PlentyChess is a very strong UCI chess engine using an efficiently updated neural network (NNUE) for evaluation.
The innovative threat-input network is trained on 15+ billion self-generated chess positions (both standard and fischer random chess), using self-distillation techniques for part of the training, and bullet as the training library.
PlentyChess consistently ranks within the top 3 on various chess engine rating lists:
- 3rd on SPCC, 3789 Elo
- 3rd on Ipman Chess, 3597 Elo (excluding duplicate engines)
- 3rd on CEGT, 3603 Elo
- 2nd on CCRL, 3642 Elo
- 3rd on MCERL (Mac only), 3785 Elo (excluding duplicate engines)
- 3rd on e4e6 (Chess324), 3803 Elo
(Last updated: 4th November 2025)
Additionally, it plays live in the Chess.com Computer Championship and the Top Chess Engine Championship.
A big thank you goes out to:
- My friends on furybench, the testing instance used to develop PlentyChess and other strong engines
- The bullet NNUE trainer
- noobpwnftw, Styxdoto, Viren, Jay Honnold, swedishchef and Andrew Grant for donating hardware time
- fathom, which I use to probe tablebases
- incbin, which I use to embed neural network files into my binaries
I highly recommend downloading the latest release from the downloads page.
PlentyChess implements the Universal Chess Interface (UCI) protocol which is supported by basically all chess GUIs. Examples of these include Nibbler, En Croissant and Banksia.
If you want to build a development version, the following instructions might help you.
Running make (or make -j) is the easiest way to build a PlentyChess binary called engine, with the network being downloaded and embedded automatically.
This standard build contains debug symbols and is not profiled. For the fastest builds, compile with make profile-build EXE=PlentyChess -j.

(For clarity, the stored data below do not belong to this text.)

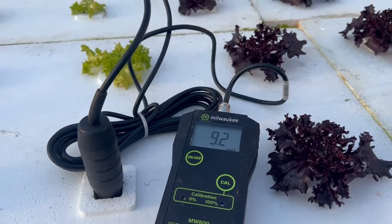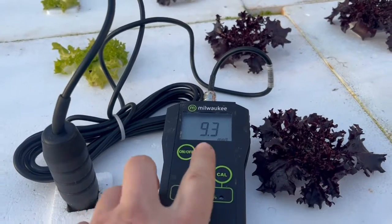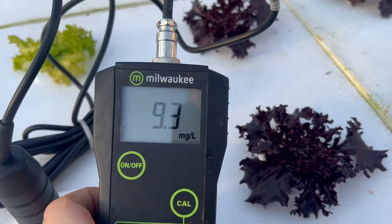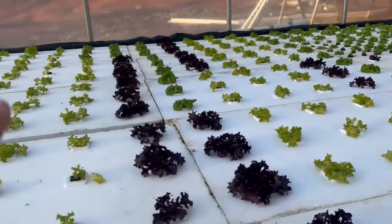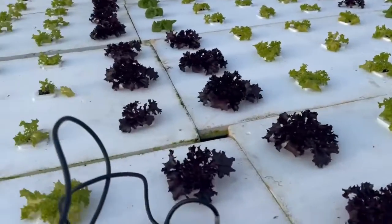It does fluctuate a little bit because I have flowing water going underneath here, but 9.3 is basically how it's reading — so that's parts per million, or milligrams per liter. I'm not too far from the Venturi; it's over there pushing this way and then drawing back this way.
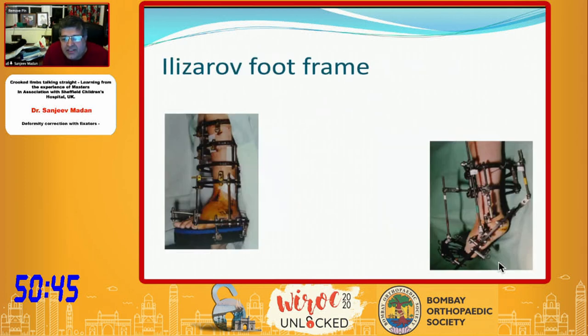For equinus correction, you can put the hinges in place and apply the motor. One of the most important principles is that you have to lock the talus in the ankle joint and then move the whole foot around the mobile acetabulum, so you don't dislocate or sublux the ankle joint. Otherwise, distraction forces can go through the ankle joint and cause problems.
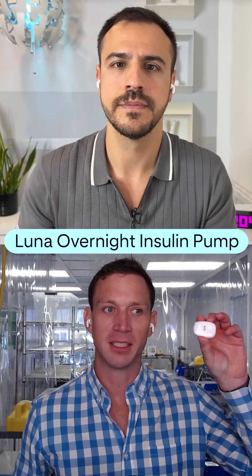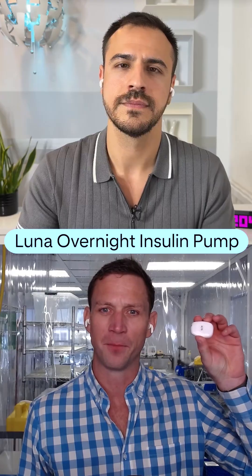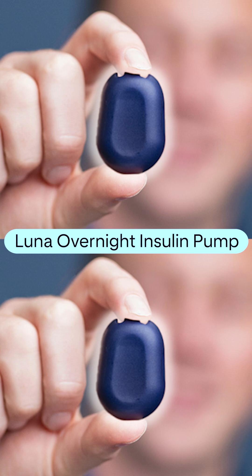This is what it looks like. It's about the size of a Dexcom G6 sensor, if you remember that. This is the pump side of it, and then you'll have the reservoir that attaches to it. It's really small.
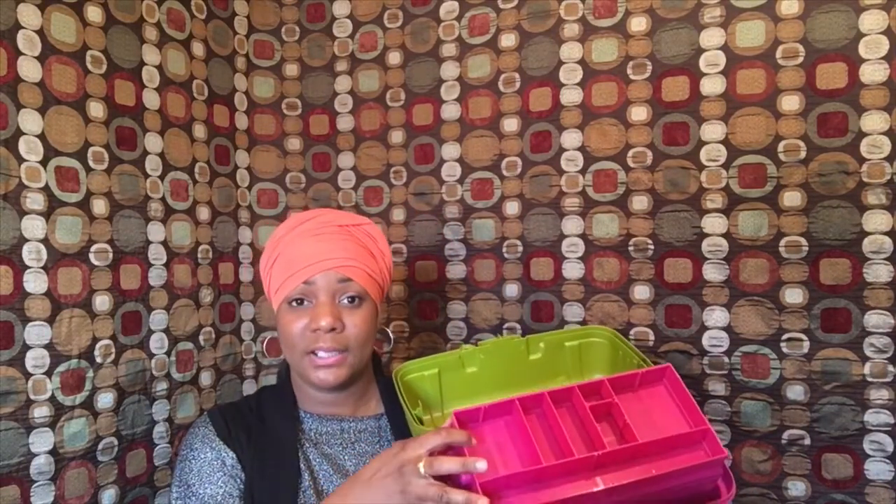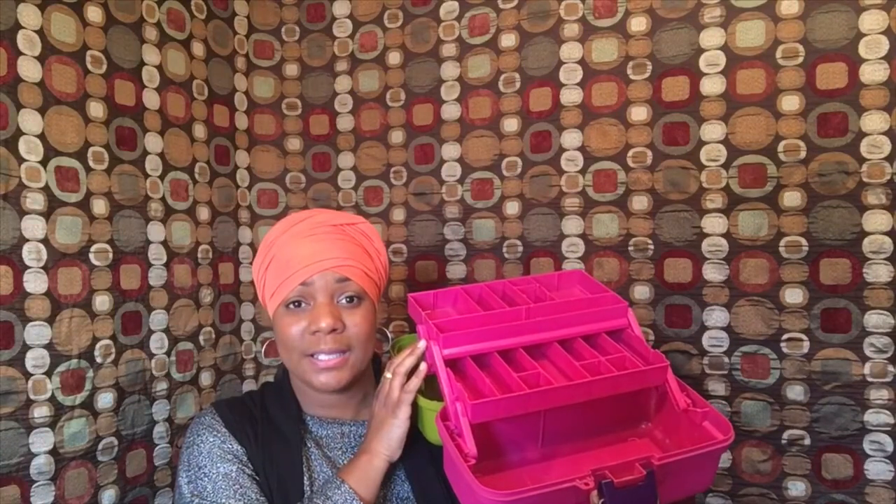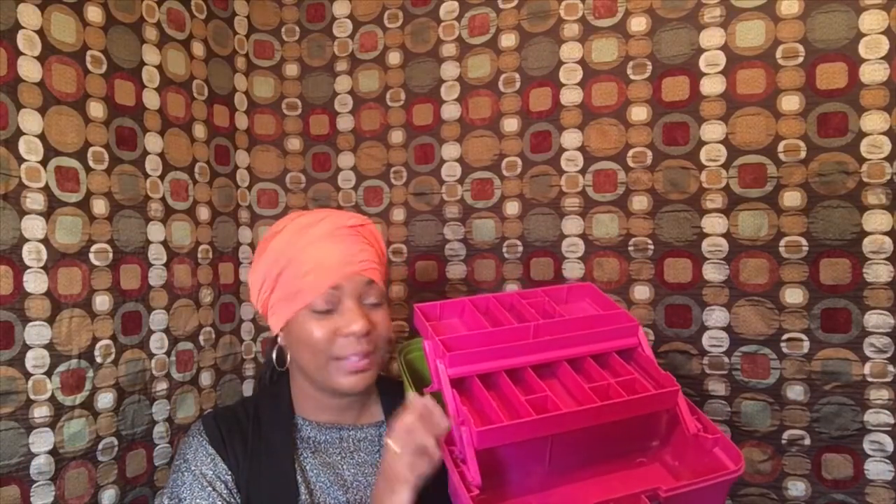And last but certainly not least, to house all these essential sewing recommendations, is a sewing box. I recommend you get this from Joann's — they tend to have coupons and I got this $40 box for $20. I love it. I've had it for years and it's still holding up.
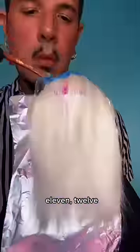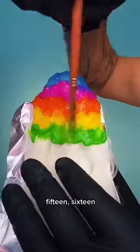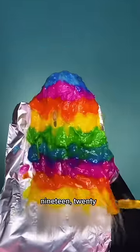Next layer. 11, 12, 13, 14, 15, 16, 17, 18, 19, 20.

You can pass an arch argument to the Makefile to compile a binary for a specific architecture (e.g. make -j arch=bmi2). The following architecture / OS combinations are currently supported:
| Architecture | Windows | Linux | MacOS | Android |
|---|---|---|---|---|
| generic | ✅ | ✅ | ❌ | ❌ |
| ssse3 | ✅ | ✅ | ❌ | ❌ |
| fma | ✅ | ✅ | ❌ | ❌ |
| avx | ✅ | ✅ | ❌ | ❌ |
| bmi2 | ✅ | ✅ | ❌ | ❌ |
| avx512 | ✅ | ✅ | ❌ | ❌ |
| avx512vnni | ✅ | ✅ | ❌ | ❌ |
| android (neon) | ❌ | ❌ | ❌ | ✅ |
| arm64 (neon) | ❌ | ✅ | ✅ | ❌ |
Building Windows binaries requires both a make installation (e.g. from MinGW), as well as an LLVM installation for the clang toolchain.
For the fastest builds (non-profiled as well as profiled), use the native LLVM distribution, instead of the one contained in MinGW/msys2.
Profiled builds do not currently work with compilers installed via MinGW/msys2.
Building an Android binary requires a linux device with NDK installed.
The Makefile will automatically use the NDK compiler when invoked with arch=android.